I have an older John Deere 4000 Watt generator with an 8 horsepower Briggs & Stratton motor. I finally got the motor running really good with a carburetor rebuild but now I have zero power coming out of the alternator it won't power up anything. I don't get it the thing is very rarely been used I would have thought it would have been just fine. Anybody have any suggestions on what I should do to troubleshoot it first? Thank you, cweklund


----------



## Handyhiker (Sep 29, 2016)

Testing the generator to chech the ststor and armature is simple. If both of those check out, the AVR is more then likely the problem. 
Disconnect the AVR and take the wires off the brush holder. With the generator running, put a volt meter on the brush wire tabs and take a reading. Then take a readind at the 4 wire connectiond from the rotor at the connection block. Post your readings. Be careful with the generator running. Don't get in a hurry and go slow.


----------



## thehandyman1957 (Feb 11, 2017)

Perhaps it needs a little field boost from a drill or some type of small motor?
https://hooktube.com/watch?v=sYBZrjeaDVc


----------



## cweklund (Jan 1, 2018)

Ok, first off I apologise for not getting back to this thread sooner, I don't get a signal where I live. Second, thank you for responding to my post!!...I really appreciate that. And this is going to sound stupid but what is an AVR? I will definitely check out the video and also attempt to test the field and armature. Some small engine repair guy was telling me that it's probably the board and good luck finding a new one. Anyway we'll see what happens and I'll post results when I'm finished. Thanks again, cweklund


----------



## Handyhiker (Sep 29, 2016)

An AVR is an "automatic voltage regulator". If you check e bay and Amazon they are easy to find. Just match up your output and style/shape. Do the testing first and make sure you know what the problem is before you start buying parts.
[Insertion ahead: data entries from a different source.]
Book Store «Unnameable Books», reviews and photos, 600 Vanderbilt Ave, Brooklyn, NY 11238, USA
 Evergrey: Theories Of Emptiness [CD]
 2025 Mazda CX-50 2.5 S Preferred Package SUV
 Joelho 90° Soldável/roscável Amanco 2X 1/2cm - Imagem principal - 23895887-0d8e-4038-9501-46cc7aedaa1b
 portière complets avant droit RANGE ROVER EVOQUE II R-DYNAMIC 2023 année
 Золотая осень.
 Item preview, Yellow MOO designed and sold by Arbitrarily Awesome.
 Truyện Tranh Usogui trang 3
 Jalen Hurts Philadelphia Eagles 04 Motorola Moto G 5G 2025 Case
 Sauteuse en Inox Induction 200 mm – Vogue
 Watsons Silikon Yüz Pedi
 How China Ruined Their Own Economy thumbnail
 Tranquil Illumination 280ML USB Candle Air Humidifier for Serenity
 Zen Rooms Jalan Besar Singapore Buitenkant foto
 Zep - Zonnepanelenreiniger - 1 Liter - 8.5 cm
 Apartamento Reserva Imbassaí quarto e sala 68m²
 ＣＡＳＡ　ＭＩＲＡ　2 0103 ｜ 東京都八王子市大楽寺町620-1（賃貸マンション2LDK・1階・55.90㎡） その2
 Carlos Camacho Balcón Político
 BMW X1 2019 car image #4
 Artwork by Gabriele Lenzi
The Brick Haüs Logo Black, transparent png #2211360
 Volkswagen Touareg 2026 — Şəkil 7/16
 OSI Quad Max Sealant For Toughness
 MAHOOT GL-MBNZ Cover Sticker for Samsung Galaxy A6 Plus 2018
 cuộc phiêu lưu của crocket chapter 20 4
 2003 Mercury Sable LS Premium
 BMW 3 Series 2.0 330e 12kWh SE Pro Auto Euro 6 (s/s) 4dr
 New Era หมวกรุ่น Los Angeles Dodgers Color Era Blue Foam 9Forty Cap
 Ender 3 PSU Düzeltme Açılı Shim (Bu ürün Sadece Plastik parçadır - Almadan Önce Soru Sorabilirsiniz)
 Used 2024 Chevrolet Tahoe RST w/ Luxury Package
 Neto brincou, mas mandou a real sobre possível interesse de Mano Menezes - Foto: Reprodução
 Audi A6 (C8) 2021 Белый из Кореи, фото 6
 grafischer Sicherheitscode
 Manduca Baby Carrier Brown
I will try and post a link to a video on how to test it.


----------



## Handyhiker (Sep 29, 2016)

Here is the video. 
https://youtu.be/tC_LrrZcx38


----------



## cweklund (Jan 1, 2018)

Handyhiker said:


> Here is the video.
> https://youtu.be/tC_LrrZcx38


. Thanks for the link handy hiker. I definitely appreciate it. I started to dig into it today and after watching the video you sent me my generator isn't like the one on the YouTube video or like the newer ones I guess. I can take the back cover off (4 long skinny bolts) but all there is is the brushes, the AVR is not there like the video describes. The AVR is got to be somewhere else in the alternator. Dang it!. I should have taken pictures but anyway I did put it back together and fired it up still no power. Thanks, Cody


----------



## cweklund (Jan 1, 2018)

Problem solved!!!! after a little probing around it was the GFCI that was bad. Slapped a plain ol' receptacle in and Bam.... POWER!!!!; thanks for the help, cweklund


----------